XV Pedro foi quem, ao cerrar da noite, pôs fim a este interrogatório, que levava jeitos de eternizar-se.
- Vem daí dar um passeio, Daniel; e de caminho hei-de mostrar- te minha mulher... a que há-de ser.
- Ah!... é verdade que estás para casar. Estimo que me dês ocasião de tomar desde já conhecimento com a que, dentro em pouco, chamarei irmã. Espero encontrá-la digna de ti. Vamos lá.
- Ide, ide, rapazes - observou José das Dornas. - Vais ver uma guapa cachopa, Daniel. Mas, é verdade, tu conhece-la... É uma filha do Meadas.
- Ah!... sim... tenho uma ideia.
Cumpre-me confessar que Daniel não tinha tal ideia das filhas do Meadas. Enquanto esteve no Porto, e até nos curtos intervalos de férias que passara na terra, vivera ele muito estranho à vida do campo, para se recordar ainda das alcunhas, pelas quais, na aldeia, mais geralmente são conhecidas as famílias, do que ainda por os verdadeiros nomes e sobrenomes.

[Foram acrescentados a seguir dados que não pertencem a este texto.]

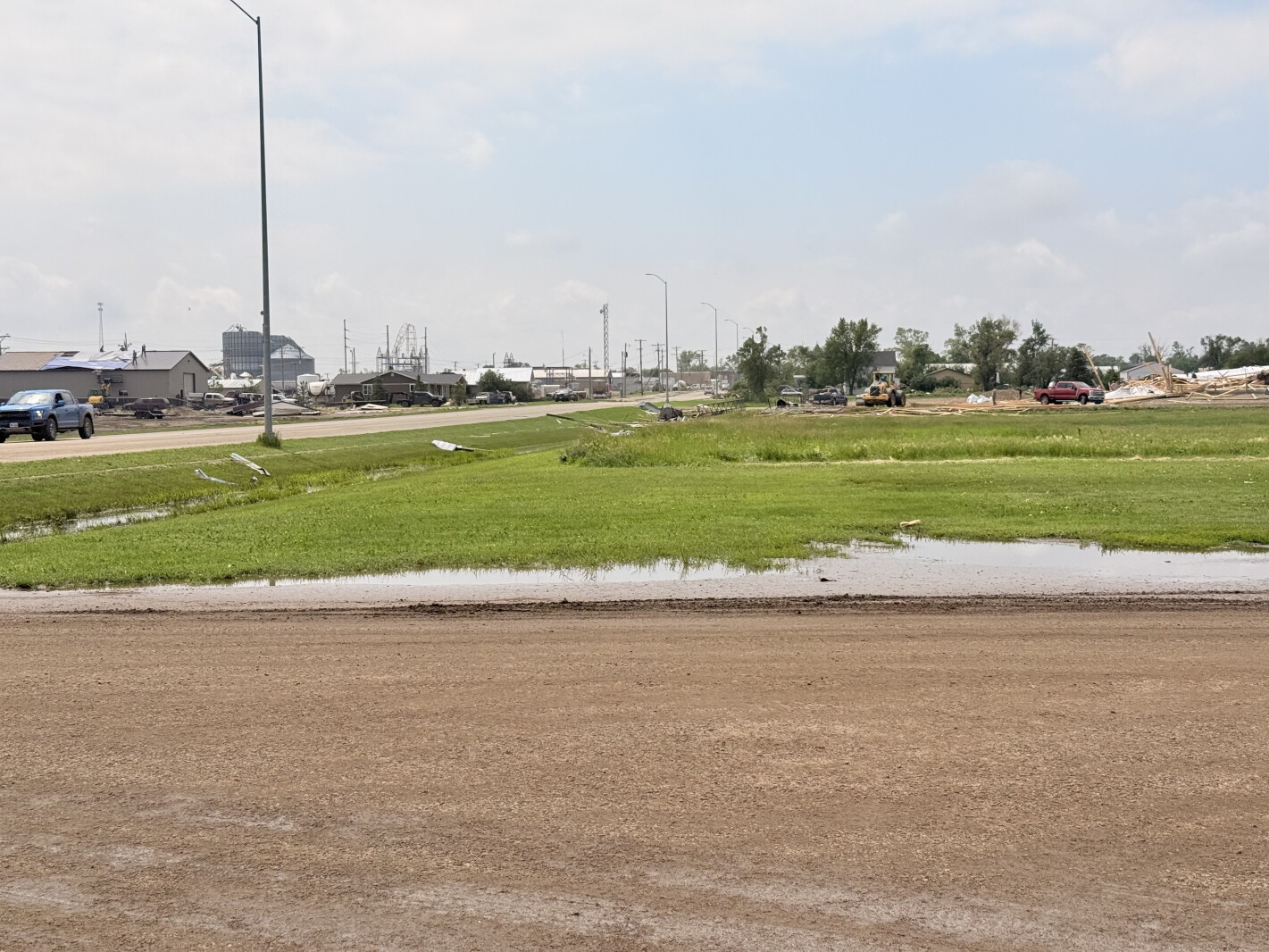 131-mile-per-hour winds rip through Highmore, South Dakota, Monday morning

José das Dornas é que tinha uma ideia ao dizer aquilo; era a de fazer lembrar ao filho o episódio da infância, que decidira da sua vida inteira.
Mas, ainda que sob o risco de indispor o ânimo das leitoras contra um dos principais personagens desta singelíssima história, farei aqui a desagradável, mas conscienciosa declaração, de que a imagem de Margarida andava, por aquele tempo, tão desvanecida já na memória de Daniel, que nem o nome, pelo qual fora sempre designada na terra a família da rapariga, lhe pôde avivar os traços.
Havia muitos anos que Daniel observava um sistema de vida, que todo o trazia desafeito dos hábitos campestres e indiferente às coisas e pessoas da localidade que o vira nascer.
Encarnara-se intimamente nele o espírito das cidades. As momentosas questões que ocupavam as cabeças sérias da aldeia, faziam-no sorrir; as distracções que entretinham as mais levianas, obrigavam-no a bocejar.